Katsev, Sergei, Sean A. Crowe, Alfonso Mucci, Bjørn Sundby, Sulung Nomosatryo, G. Douglas Haffner, David A. Fowle

Limnol. Oceanogr., 55(2), 2010, 763-776 | DOI: 10.4319/lo.2010.55.2.0763

ABSTRACT: In the > 590-m deep, tropical Lake Matano (Indonesia), stratification is characterized by weak thermal gradients (< 2°C per 500 m) and weak salinity gradients (< 0.14% per 500 m). These gradients persist over seasons, decades, and possibly centuries.
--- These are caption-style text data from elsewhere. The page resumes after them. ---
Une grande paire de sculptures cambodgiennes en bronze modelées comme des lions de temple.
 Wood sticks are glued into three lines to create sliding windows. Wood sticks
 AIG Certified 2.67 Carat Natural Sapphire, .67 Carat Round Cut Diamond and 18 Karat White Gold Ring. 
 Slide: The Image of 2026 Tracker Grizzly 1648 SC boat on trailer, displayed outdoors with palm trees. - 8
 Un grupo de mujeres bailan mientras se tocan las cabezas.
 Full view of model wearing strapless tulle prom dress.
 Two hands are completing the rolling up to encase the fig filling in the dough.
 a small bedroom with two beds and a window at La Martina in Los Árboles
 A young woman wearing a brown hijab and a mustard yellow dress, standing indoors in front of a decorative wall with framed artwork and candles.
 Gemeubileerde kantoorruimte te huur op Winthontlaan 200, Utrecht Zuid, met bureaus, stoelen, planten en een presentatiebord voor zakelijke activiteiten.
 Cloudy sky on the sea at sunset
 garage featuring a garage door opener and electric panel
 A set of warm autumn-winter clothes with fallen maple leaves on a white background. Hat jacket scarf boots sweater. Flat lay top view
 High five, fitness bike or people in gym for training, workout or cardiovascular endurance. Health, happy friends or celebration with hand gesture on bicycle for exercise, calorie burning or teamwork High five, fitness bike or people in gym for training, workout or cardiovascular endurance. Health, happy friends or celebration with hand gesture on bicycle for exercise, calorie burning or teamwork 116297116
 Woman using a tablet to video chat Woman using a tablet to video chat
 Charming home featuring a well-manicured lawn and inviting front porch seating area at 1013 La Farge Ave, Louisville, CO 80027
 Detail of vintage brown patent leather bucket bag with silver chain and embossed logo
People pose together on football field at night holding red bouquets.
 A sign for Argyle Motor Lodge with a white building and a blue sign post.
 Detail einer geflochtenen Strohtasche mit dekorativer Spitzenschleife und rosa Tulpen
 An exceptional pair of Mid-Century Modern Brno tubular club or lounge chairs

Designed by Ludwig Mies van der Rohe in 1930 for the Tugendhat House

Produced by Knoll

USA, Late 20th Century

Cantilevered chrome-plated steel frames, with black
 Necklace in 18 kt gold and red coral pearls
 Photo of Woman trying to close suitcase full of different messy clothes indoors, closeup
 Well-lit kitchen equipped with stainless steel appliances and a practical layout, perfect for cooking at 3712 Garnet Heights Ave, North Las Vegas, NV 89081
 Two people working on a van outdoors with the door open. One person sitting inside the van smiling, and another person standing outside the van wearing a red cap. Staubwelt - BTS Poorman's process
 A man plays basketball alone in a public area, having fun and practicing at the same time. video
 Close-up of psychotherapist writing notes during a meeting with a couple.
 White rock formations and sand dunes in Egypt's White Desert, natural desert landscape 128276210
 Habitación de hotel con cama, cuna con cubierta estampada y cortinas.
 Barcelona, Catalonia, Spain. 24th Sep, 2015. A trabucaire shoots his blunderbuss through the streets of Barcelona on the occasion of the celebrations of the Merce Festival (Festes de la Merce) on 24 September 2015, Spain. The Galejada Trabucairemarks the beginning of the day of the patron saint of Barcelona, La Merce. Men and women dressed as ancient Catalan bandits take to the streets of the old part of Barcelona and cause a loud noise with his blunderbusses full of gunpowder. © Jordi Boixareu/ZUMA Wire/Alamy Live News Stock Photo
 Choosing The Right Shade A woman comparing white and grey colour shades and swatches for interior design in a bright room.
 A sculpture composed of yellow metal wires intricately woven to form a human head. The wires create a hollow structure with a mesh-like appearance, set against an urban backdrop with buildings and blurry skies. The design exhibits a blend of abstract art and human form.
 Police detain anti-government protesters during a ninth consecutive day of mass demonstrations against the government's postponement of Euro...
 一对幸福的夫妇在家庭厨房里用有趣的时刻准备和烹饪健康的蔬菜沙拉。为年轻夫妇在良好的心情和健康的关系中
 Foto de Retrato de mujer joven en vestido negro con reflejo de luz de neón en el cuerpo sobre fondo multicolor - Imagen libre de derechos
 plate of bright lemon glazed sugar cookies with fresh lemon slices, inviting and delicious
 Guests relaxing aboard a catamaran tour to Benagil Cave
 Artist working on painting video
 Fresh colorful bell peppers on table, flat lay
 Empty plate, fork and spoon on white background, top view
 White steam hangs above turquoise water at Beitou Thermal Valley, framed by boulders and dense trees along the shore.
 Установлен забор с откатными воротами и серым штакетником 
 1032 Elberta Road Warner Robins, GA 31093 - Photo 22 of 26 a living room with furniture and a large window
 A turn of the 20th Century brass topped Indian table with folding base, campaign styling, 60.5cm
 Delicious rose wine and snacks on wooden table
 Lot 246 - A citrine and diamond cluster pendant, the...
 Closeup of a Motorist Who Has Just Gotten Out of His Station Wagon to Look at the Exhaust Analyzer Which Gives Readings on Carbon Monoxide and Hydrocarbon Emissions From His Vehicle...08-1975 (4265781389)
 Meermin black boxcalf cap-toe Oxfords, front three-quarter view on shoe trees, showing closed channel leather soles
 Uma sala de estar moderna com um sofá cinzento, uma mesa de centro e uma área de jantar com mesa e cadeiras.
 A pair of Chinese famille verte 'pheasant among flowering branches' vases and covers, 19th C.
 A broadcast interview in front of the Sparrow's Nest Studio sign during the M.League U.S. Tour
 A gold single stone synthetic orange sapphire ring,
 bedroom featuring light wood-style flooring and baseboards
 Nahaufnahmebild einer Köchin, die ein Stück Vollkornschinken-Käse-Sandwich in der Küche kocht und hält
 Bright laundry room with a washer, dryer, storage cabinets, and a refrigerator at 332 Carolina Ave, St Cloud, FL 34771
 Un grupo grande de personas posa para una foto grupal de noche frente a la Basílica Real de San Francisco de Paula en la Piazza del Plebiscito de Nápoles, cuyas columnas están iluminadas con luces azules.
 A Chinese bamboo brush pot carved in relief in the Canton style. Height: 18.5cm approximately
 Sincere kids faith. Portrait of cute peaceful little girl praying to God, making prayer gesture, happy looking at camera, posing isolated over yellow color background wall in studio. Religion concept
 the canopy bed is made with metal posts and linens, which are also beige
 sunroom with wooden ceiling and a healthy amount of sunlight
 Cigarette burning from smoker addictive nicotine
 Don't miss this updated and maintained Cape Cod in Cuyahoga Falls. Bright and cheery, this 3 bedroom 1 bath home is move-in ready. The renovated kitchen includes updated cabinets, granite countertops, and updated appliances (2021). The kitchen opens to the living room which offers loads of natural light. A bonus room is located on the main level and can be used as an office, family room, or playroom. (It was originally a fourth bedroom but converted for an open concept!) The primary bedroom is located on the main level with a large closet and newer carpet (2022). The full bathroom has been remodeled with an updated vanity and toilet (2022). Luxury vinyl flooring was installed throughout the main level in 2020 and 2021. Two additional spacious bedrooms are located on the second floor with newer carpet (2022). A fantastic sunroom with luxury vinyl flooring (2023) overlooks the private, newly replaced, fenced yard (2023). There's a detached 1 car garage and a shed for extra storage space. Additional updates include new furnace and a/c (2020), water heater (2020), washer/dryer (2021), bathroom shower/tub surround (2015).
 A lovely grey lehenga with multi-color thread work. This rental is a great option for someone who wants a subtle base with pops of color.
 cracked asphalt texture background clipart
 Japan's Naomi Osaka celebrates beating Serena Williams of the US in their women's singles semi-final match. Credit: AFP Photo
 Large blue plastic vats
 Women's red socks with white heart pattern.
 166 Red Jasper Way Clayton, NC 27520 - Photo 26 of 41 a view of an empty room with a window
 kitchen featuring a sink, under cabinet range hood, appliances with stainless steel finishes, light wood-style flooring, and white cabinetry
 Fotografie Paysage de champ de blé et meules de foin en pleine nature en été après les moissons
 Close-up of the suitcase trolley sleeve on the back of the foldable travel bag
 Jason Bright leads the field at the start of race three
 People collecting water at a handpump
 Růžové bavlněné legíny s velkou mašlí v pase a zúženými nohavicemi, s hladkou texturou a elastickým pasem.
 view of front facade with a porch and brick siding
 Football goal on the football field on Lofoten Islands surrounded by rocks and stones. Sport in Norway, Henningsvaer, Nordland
Under these nearly steady-state conditions, vertical eddy diffusion coefficients (Kz) cannot be estimated by conventional methods that rely on time derivatives of temperature distributions. We use and compare several alternative methods: one-dimensional k-ε modeling, three-dimensional hydrodynamic modeling, correlation with the size of Thorpe instabilities, and correlation with the stability frequency. In the thermocline region, at 100-m depth, the Kz is ~ 5 × 10-6 m2 s-1, but, below 300 m, the small density gradient results in large (20 m) vertical eddies and high mixing rates (Kz ~ 10-2 m2 s-1). The estimated timescale of water renewal in the monimolimnion is several hundred years. Intense evaporation depletes the surface mixed layer of 16O and 1H isotopes, making it isotopically heavier. The lake waters become progressively isotopically lighter with depth, and the isotopic composition in the deep waters is close to those of the ground and tributary waters. The vertical distribution of Kz is used in a biogeochemical reaction-transport model. We show that, outside of a narrow thermocline region, the vertical distributions of dissolved oxygen, iron, methane, and phosphorus are shaped by vertical variations in transport rates, rather than by sources or sinks.